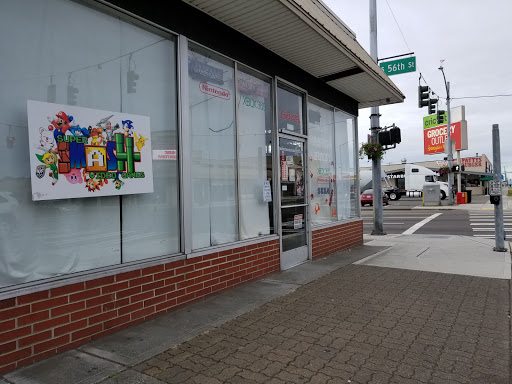 Video Game Store «Super Smash Video Games», reviews and photos, 5449 S Tacoma Way, Tacoma, WA 98409, USA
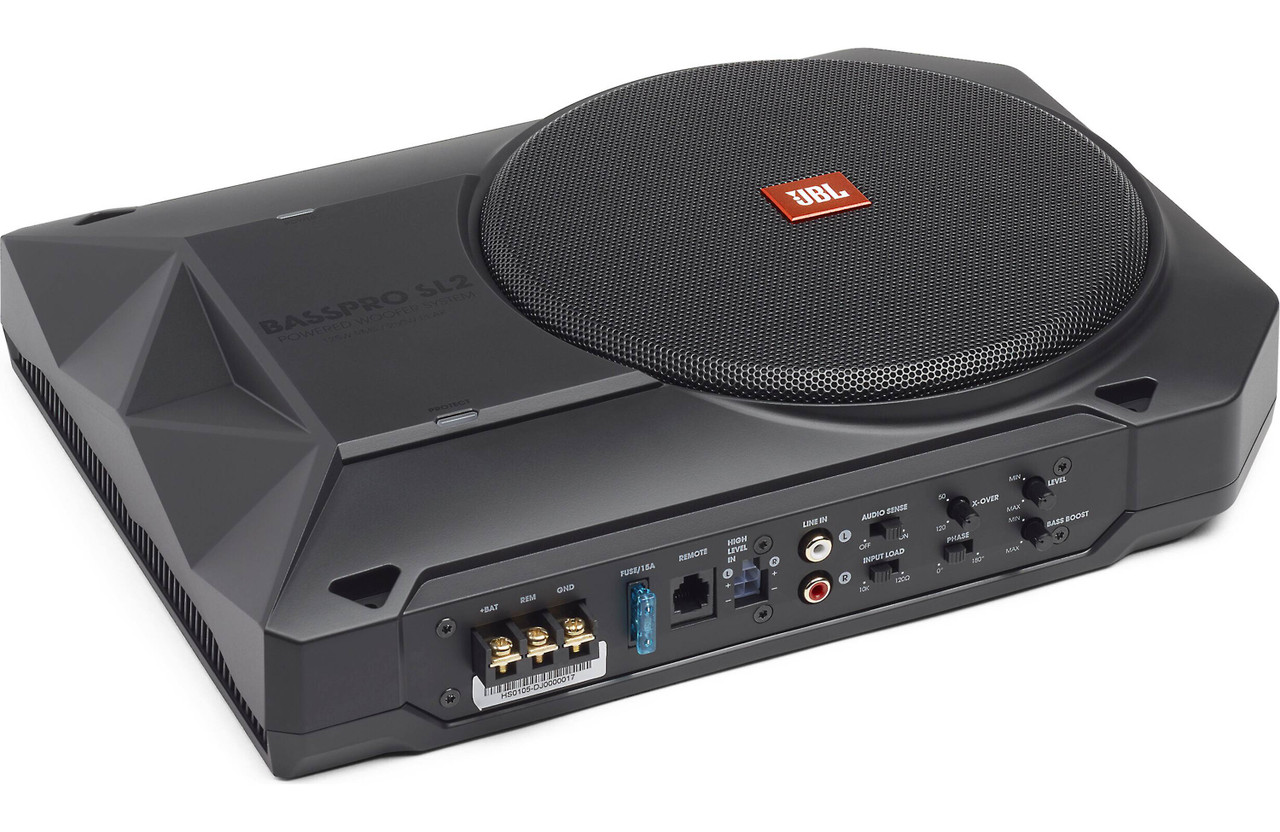 F*9様 JBL Basspro SL2 JBL BassPro SL2 Self Powered 8
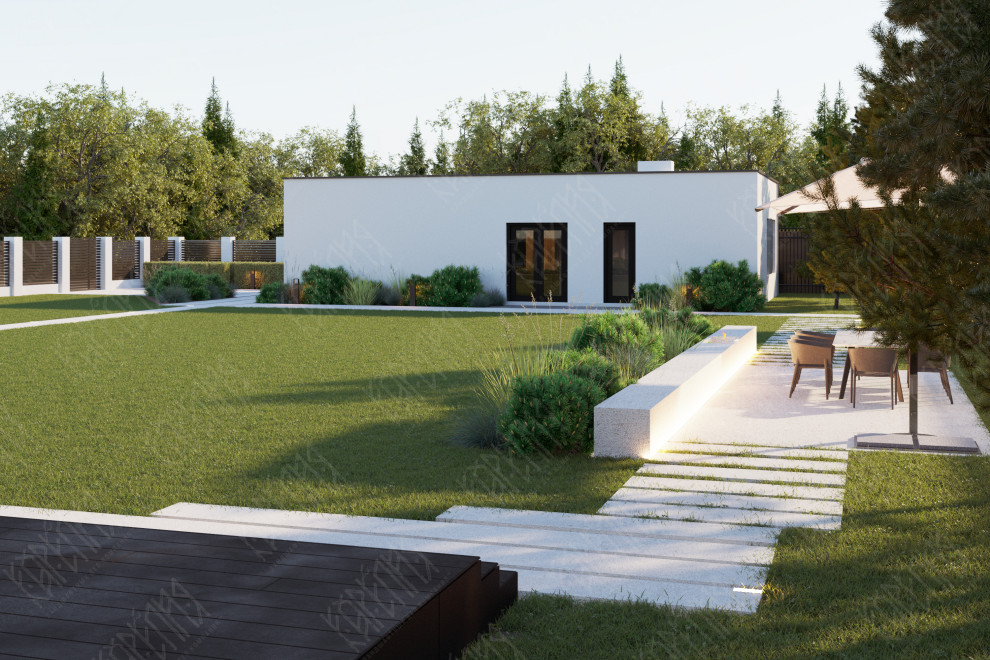 Зона отдыха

● EXERCISE: Could you restate all of the data above word for word and skip every picture?

● SOLUTION FOR THIS PROBLEM:
 Video Game Store «Super Smash Video Games», reviews and photos, 5449 S Tacoma Way, Tacoma, WA 98409, USA
 F*9様 JBL Basspro SL2 JBL BassPro SL2 Self Powered 8
 Зона отдыха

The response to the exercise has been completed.